[Opening Data for processing section]

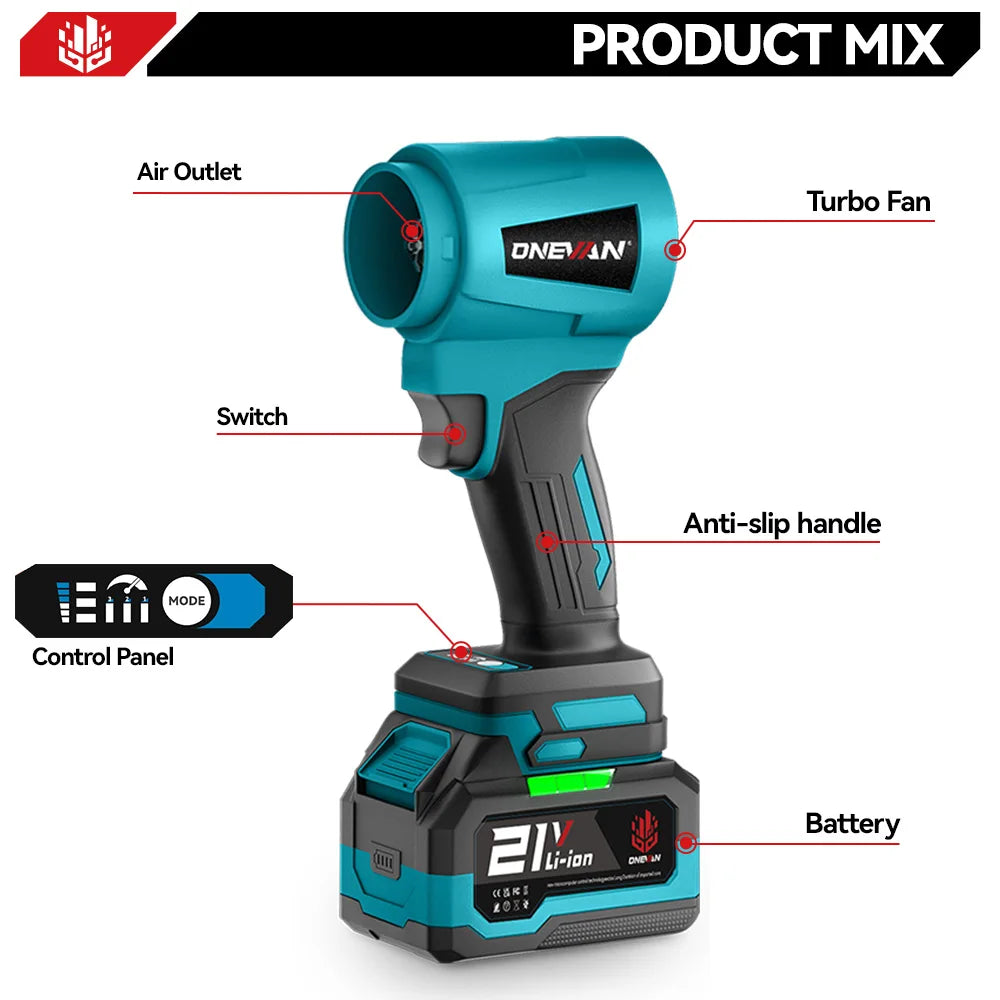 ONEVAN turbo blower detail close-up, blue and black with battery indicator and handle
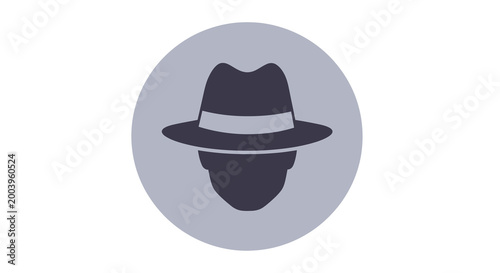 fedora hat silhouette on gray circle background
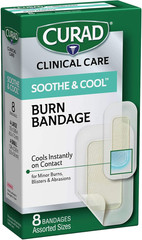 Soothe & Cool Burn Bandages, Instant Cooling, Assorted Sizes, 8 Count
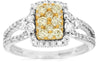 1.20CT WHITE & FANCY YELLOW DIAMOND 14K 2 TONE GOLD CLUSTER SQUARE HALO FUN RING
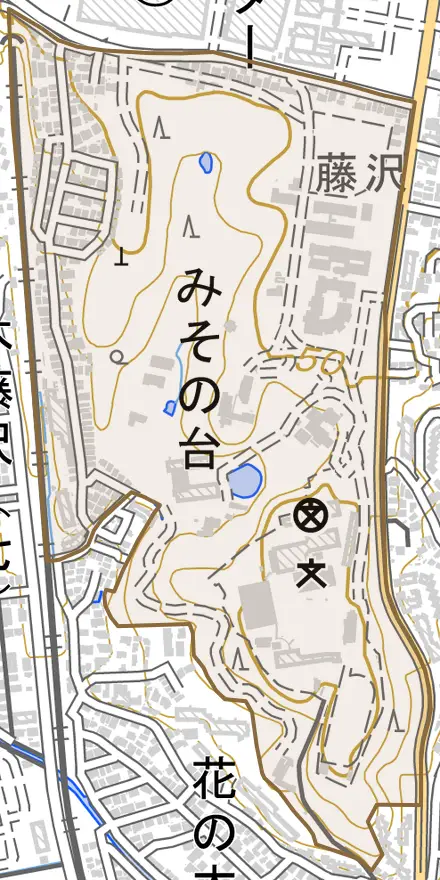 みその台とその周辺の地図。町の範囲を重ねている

[Closing Data for processing section]

Please set down every record exactly as it appears, leaving out the pictures.

Result:
 ONEVAN turbo blower detail close-up, blue and black with battery indicator and handle
 fedora hat silhouette on gray circle background
 Soothe & Cool Burn Bandages, Instant Cooling, Assorted Sizes, 8 Count
 1.20CT WHITE & FANCY YELLOW DIAMOND 14K 2 TONE GOLD CLUSTER SQUARE HALO FUN RING
 みその台とその周辺の地図。町の範囲を重ねている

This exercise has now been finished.